What is expected: Emit the line that holds "LEDIKANT u00abHETREu00bb |" and all lines following it through the end of the data, verbatim, and nothing else.

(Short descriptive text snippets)
┌────────
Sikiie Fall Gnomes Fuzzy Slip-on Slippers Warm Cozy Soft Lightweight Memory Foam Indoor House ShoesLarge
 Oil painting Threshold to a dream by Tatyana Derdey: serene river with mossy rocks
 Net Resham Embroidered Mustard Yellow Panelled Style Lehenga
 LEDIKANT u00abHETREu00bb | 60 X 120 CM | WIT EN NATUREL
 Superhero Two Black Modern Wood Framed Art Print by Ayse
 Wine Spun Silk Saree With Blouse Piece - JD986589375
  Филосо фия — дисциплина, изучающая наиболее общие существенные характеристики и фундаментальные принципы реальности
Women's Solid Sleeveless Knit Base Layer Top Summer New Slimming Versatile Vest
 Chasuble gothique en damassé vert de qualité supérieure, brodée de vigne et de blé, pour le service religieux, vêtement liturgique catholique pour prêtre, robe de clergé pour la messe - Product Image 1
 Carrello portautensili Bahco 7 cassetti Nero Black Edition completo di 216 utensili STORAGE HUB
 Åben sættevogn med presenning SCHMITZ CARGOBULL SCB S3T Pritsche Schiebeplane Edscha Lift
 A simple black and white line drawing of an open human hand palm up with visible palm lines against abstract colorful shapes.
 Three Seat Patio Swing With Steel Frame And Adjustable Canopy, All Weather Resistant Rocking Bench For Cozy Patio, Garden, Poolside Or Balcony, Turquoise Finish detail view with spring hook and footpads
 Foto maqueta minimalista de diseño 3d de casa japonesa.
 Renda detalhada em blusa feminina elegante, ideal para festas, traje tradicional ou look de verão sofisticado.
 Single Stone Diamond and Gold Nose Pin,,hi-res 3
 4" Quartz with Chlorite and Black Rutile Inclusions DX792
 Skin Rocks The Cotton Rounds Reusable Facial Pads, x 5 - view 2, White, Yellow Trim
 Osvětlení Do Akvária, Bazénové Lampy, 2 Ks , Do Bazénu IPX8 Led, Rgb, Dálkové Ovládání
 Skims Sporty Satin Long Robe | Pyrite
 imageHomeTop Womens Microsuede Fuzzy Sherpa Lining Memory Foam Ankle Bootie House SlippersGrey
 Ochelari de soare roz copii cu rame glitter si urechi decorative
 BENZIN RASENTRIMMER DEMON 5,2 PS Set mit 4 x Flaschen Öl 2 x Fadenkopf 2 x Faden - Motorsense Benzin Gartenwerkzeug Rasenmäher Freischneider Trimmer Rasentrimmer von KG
└────────
Response for this exercise:
 LEDIKANT u00abHETREu00bb | 60 X 120 CM | WIT EN NATUREL
 Superhero Two Black Modern Wood Framed Art Print by Ayse
 Wine Spun Silk Saree With Blouse Piece - JD986589375
  Филосо фия — дисциплина, изучающая наиболее общие существенные характеристики и фундаментальные принципы реальности
Women's Solid Sleeveless Knit Base Layer Top Summer New Slimming Versatile Vest
 Chasuble gothique en damassé vert de qualité supérieure, brodée de vigne et de blé, pour le service religieux, vêtement liturgique catholique pour prêtre, robe de clergé pour la messe - Product Image 1
 Carrello portautensili Bahco 7 cassetti Nero Black Edition completo di 216 utensili STORAGE HUB
 Åben sættevogn med presenning SCHMITZ CARGOBULL SCB S3T Pritsche Schiebeplane Edscha Lift
 A simple black and white line drawing of an open human hand palm up with visible palm lines against abstract colorful shapes.
 Three Seat Patio Swing With Steel Frame And Adjustable Canopy, All Weather Resistant Rocking Bench For Cozy Patio, Garden, Poolside Or Balcony, Turquoise Finish detail view with spring hook and footpads
 Foto maqueta minimalista de diseño 3d de casa japonesa.
 Renda detalhada em blusa feminina elegante, ideal para festas, traje tradicional ou look de verão sofisticado.
 Single Stone Diamond and Gold Nose Pin,,hi-res 3
 4" Quartz with Chlorite and Black Rutile Inclusions DX792
 Skin Rocks The Cotton Rounds Reusable Facial Pads, x 5 - view 2, White, Yellow Trim
 Osvětlení Do Akvária, Bazénové Lampy, 2 Ks , Do Bazénu IPX8 Led, Rgb, Dálkové Ovládání
 Skims Sporty Satin Long Robe | Pyrite
 imageHomeTop Womens Microsuede Fuzzy Sherpa Lining Memory Foam Ankle Bootie House SlippersGrey
 Ochelari de soare roz copii cu rame glitter si urechi decorative
 BENZIN RASENTRIMMER DEMON 5,2 PS Set mit 4 x Flaschen Öl 2 x Fadenkopf 2 x Faden - Motorsense Benzin Gartenwerkzeug Rasenmäher Freischneider Trimmer Rasentrimmer von KG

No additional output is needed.